The model’s designed to show “what would the answer to this sound like?”, not to provide a correct answer. Unfortunately it also 1) is profitable (look how many humans we can fire while producing kinda similar results with a tool trained on those humans’ work!), and 2) fits the age old yearning (aliens, gods) of humans for humanlike-but-nonhuman sentience, a catch-22 that’s doomed to fail.
If the answer to "what would this sound like?" is accurate enough then it quite literally doesn't matter.
Large swaths of the brain work on prediction. You think real time reactions happen in sports? It would be impossible. You have blind spots in the eye you don't notice because the brain fills in the vision with predicted information.
If you can accurately predict what a doctor will say to arbitrary input then guess what ?, you're a doctor.
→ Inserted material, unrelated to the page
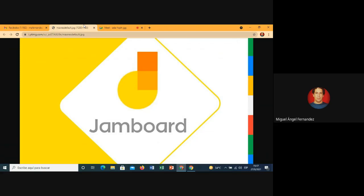Jamboard es una herramienta que consiste en una pizarra virtual. Esta pizarra virtual nos permite realizar trabajos en equipos en tiempo real. Con esta pizarra podemos escribir y dibujar con el lápiz óptico incluido, buscar en Google o en archivos del computador imágenes para insertar, arrastrar y cambiar el tamaño de textos e imágenes, compartir con colaboradores, y hasta 50 personas pueden conectarse y trabajar al mismo tiempo. Las pizarras también pueden guardarse en formato PDF.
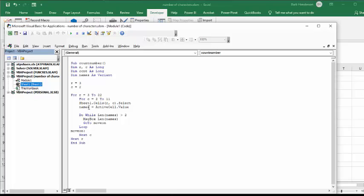So I go sheet one, cells RC select, and then names equals active cells, so that whatever we've selected is the names. And do while length of names is greater than two. So I'm trying to eliminate the zeros, and maybe if there's like one extra character in there for some reason. I don't want to see that.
If you want to know what a plausible response to X might look like then the tool will give you that; if you are using it for getting correct information then no, it quite literally matters that the tool is not designed for that, and depending on domain and magnitude of this misapplication it could matter a whole lot.
(For example, personally, something that to me could look like a plausible answer is not exactly where my expectations are when it comes to medicine.)
It's literally the same thing humans do, at least to my personal experience. If you ask me a question, the first thing my mind generates is a plausibly sounding answer. That process is near-instant. The slower part is an internal evaluation - how confident I am this is the right answer? That depends on the conversation and topic in question - often enough, I can just vocalize that first thought without worry. Whether it "sounds right" is also the first step I use when processing what I hear/read others say.
If anything, GPT-3.5 and GPT-4, as well as other transformer-based models, are all starting to convince me that associative vector adjacency search in high-dimensional space is what thinking is.
It's literally the same thing humans do, at least to my personal experience. If you ask me a question, the first thing my mind generates is a plausibly sounding answer.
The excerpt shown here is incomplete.